AALF/gemma-2-27b-it-SimPO-37K-100steps is an instruction-tuned variant of the 27 billion parameter Google Gemma-2 model. It represents a 100-step checkpoint from a larger fine-tuning process, focusing on generating high-quality, preferred responses.

Key Capabilities & Training

  • Preference Optimization: The model was fine-tuned using the SimPO framework, which involves on-policy preference data generation.
  • Data Curation: Training data was generated from the HuggingFaceH4/ultrafeedback_binarized dataset, with responses evaluated by the RLHFlow/ArmoRM-Llama3-8B-v0.1 reward model.
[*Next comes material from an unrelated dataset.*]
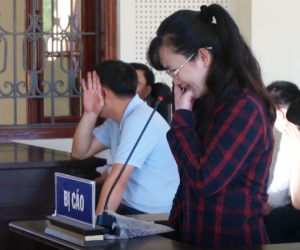 Bạn trai phủ nhận vay 12 tỉ của hotgirl ngân hàng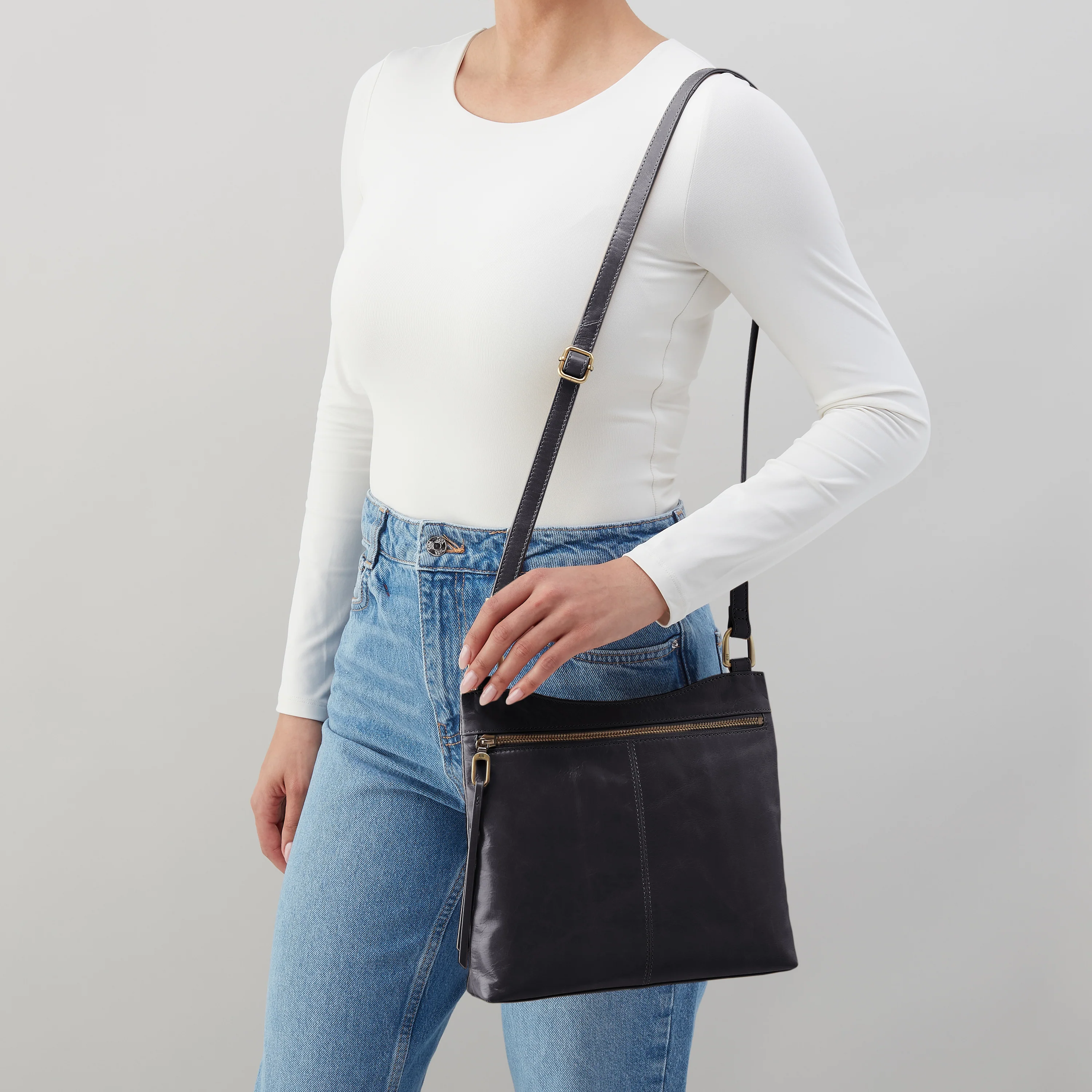Cambel Crossbody In Polished Leather - Black - Image 3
Only prompts where the chosen response's reward was significantly higher than the rejected response's reward were selected, resulting in 37,040 training examples.
  • Performance: Achieves a 77.09% WinRate and a 79.16% LC WinRate on the AlpacaEval2.0 benchmark, indicating strong performance in generating preferred outputs.
  • Technical Implementation: Training utilized 8x80G A800 GPUs with deepspeed_zero_stage3 and optimizer offloading to the CPU, leveraging the alignment-handbook library.

Good for

  • Applications requiring models optimized for generating high-quality, human-preferred responses.
  • Tasks where robust instruction following and preference alignment are critical.
  • Researchers and developers interested in models fine-tuned with the SimPO method.